Our team of 5 (including supervisor) were asked by higher management to stay late after work to carry out a task that isn't part of our normal duties, but was necessary for the company as a whole due to the actual team responsible having got behind for some reason and left work without completing it - it was needed for the next day.
Say there were 100 "things" (each of an equal level of difficulty) to be processed as part of this task e.g. forms to be entered on to an electronic system.
We split it into 5 * 20 things (as there were 5 people) so each of us were given a batch of 20 things to be entered. There was an implicit understanding that we would leave work once they were complete.

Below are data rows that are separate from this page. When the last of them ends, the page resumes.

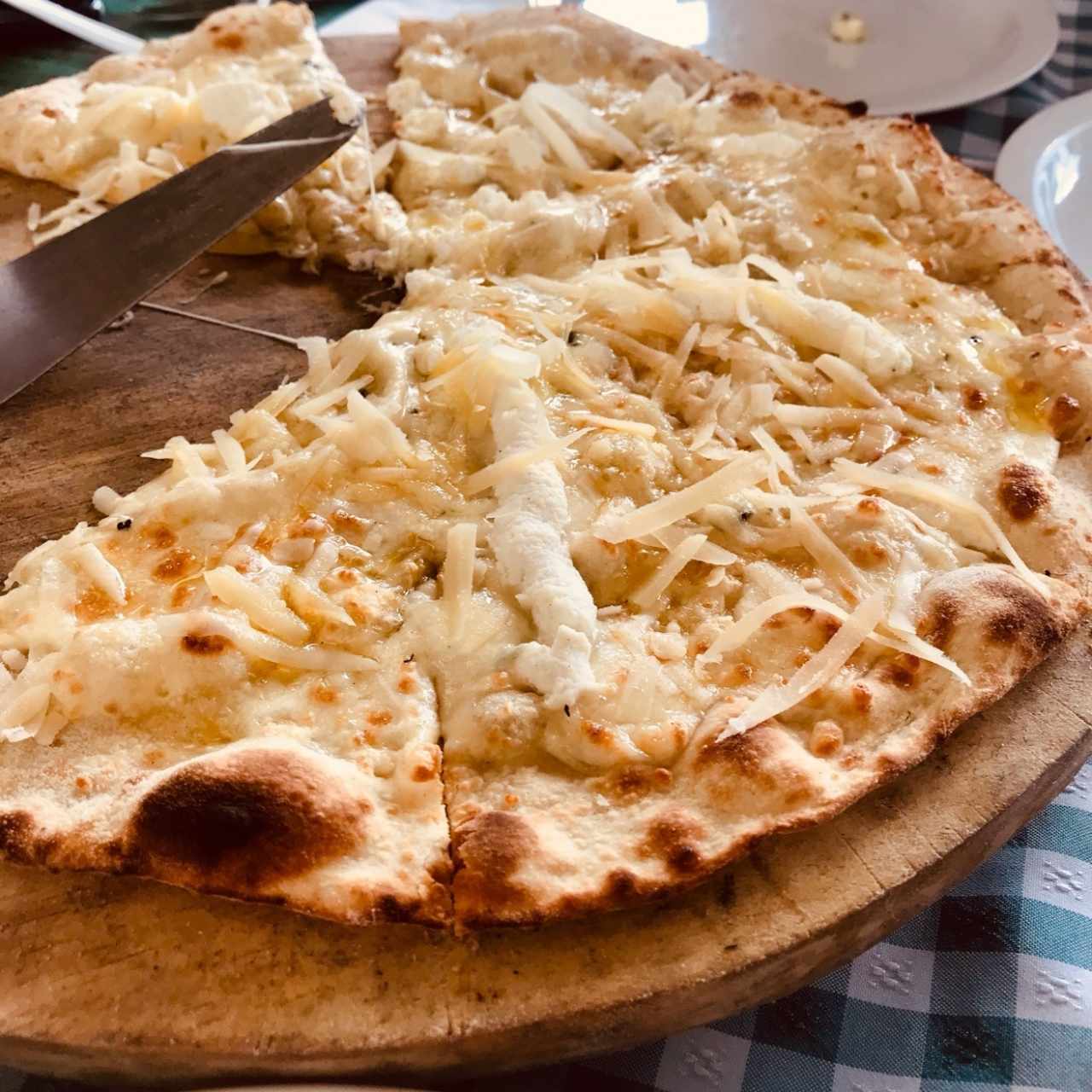 Pizze - 4 Formaggi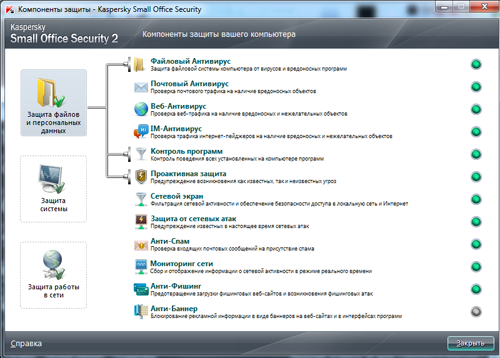 Обзор Kaspersky Small Office Security 2.0 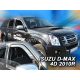 Heko 2 dielny deflektor Isuzu D-Max Rodeo 4 dverový 2008-2011 (34002)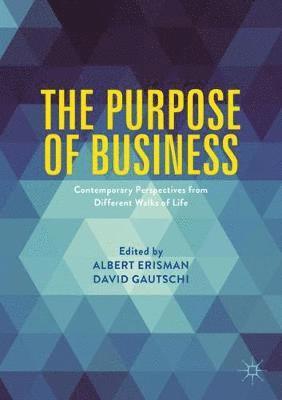 The Purpose of Business 1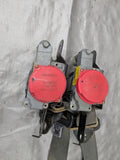2001-2005 Mazda Miata MX5 Used Seat Belt Reel Tan N06657L30D80 01-05 00NB7436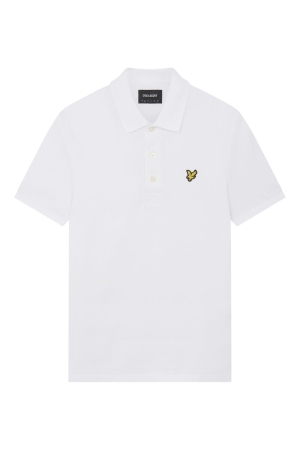Lyle & Scott Lyle & Scott shirts en tops Poloshirts 626 white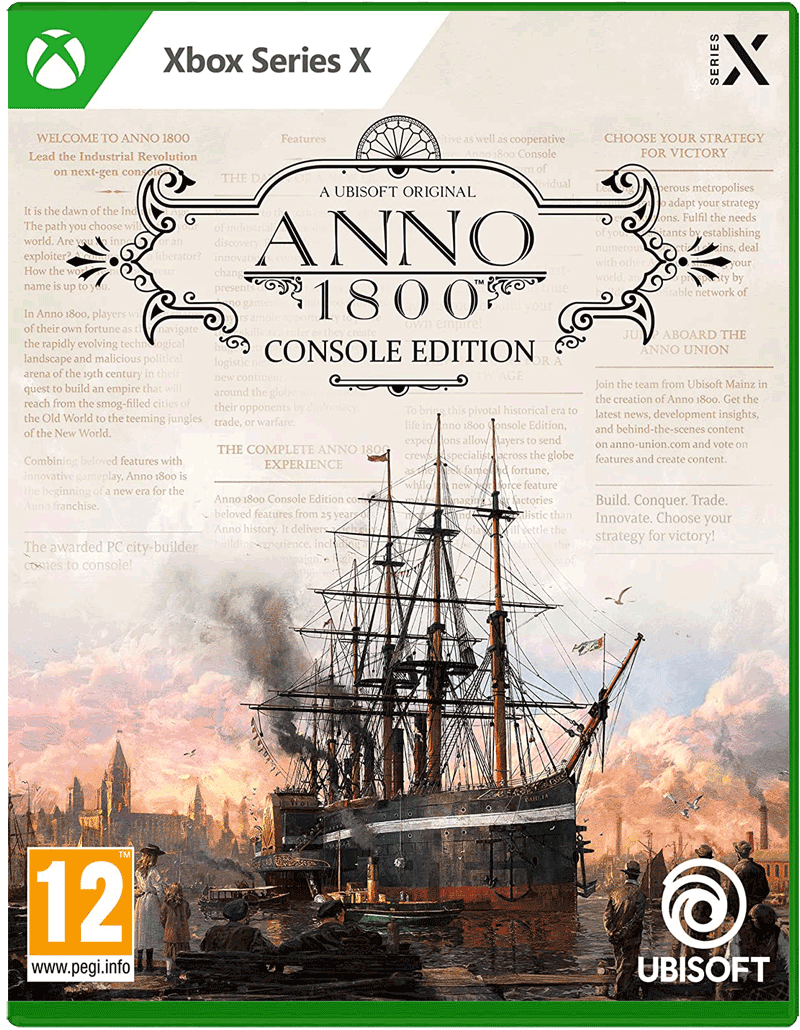 Anno 1800 Console Edition Xbox Series X русская версия 4990₽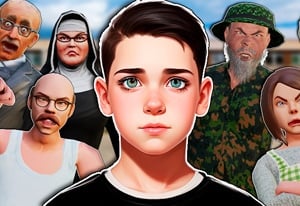 Play Schoolboy Escape: Stealth Runaway Now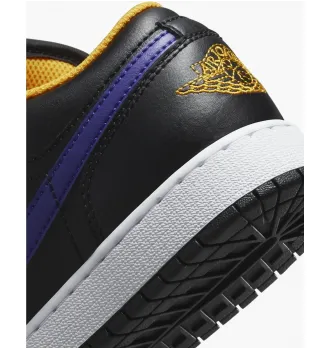 Кросівки Air Jordan 1 Low Lakers GS фото 2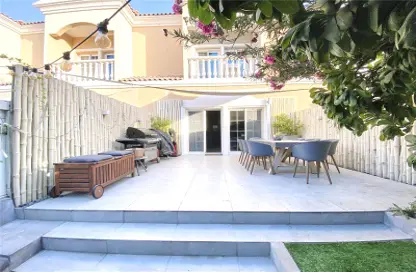 Townhouse - 1 Bedroom - 2 Bathrooms for rent in Mediterranean Townhouse - Jumeirah Village Triangle - Dubai
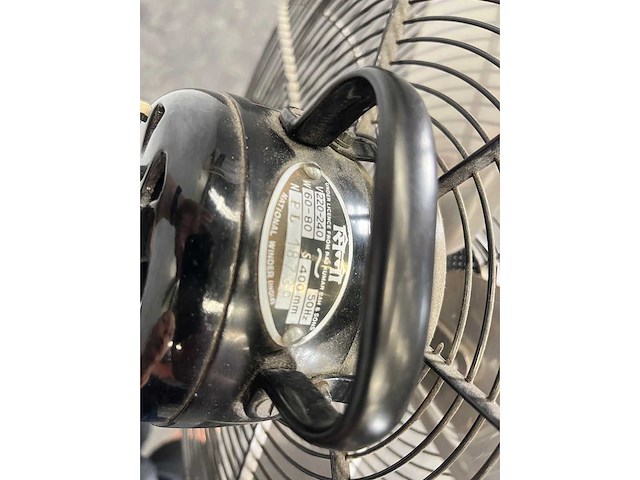 Cinni - vintage ventilator - afbeelding 7 van  8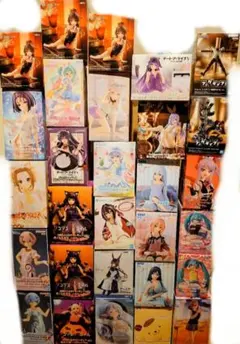 プライズフィギュア　31個　まとめ売り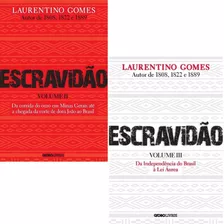 Kit Livros Escravidão Volume 2 E 3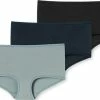Schiesser 95/5 Organic 3PACK Shorts Dames Onderbroek - Maat M -lingerie-dames-badmode Winkel 550x417 2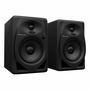 Pioneer Dj DM-50D Par de altavoces de monitorización Bass Reflex 2x25W Modo DJ o Producción Negro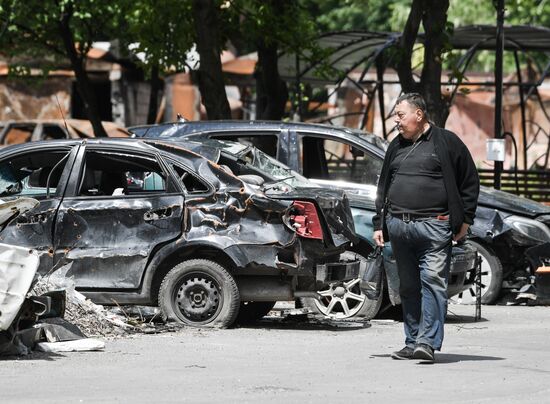 DPR Russia Ukraine Military Operation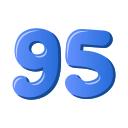 95 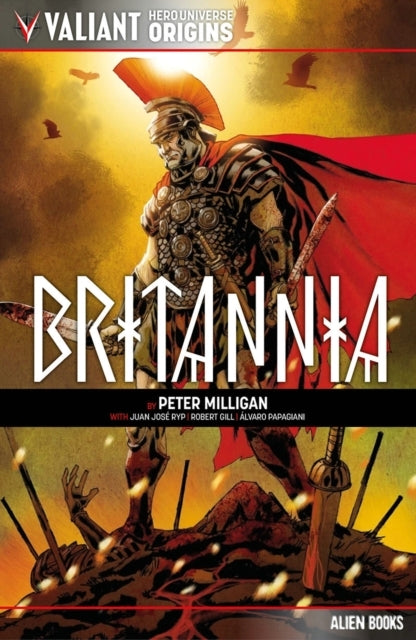 Valiant Hero Universe Origins Britannia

I set to work on my batch of 20 items and was finished in about 45 minutes. The others were taking much longer due to a combination of: 1. I seem to have a natural aptitude for data entry and they don't (I have done 'temp' jobs doing data entry through agencies before, although my current role doesn't have anything to do with data entry) and 2. I noticed that they were chatting, bantering and generally taking their time over this task.
So after completing my batch of 20 things I packed up my stuff and left. (There wasn't any "coordination" work that needed to be done after -- it was literally enter these things and then it's done).
The others were there for about an hour longer as I understand it.
Next day the supervisor had a word with me - he was "disappointed" and "dismayed" that I had just packed up my stuff and left, leaving the others to it. In his view I should have hung around and picked up some of their "still not done" items. (Remember we were each allocated the same number of items, of equal difficulty, but the others were just slower than I was).
My question is whether I was in the wrong, should I have hung around and taken some of the rest of the workload from the others so that we could all leave earlier? Was this a professional thing to do or were there other, better alternatives?
In some sense it's a fairly petty question since we are talking about a max of a couple of hours extra time (if in the extreme case the others refused to do anything and I had had to do all of it), but I feel it's the principle that's at stake. An equal amount of work (that wasn't even ours to complete!) being given to each person, I happened to complete it earlier so I didn't see any obligation to help out the others.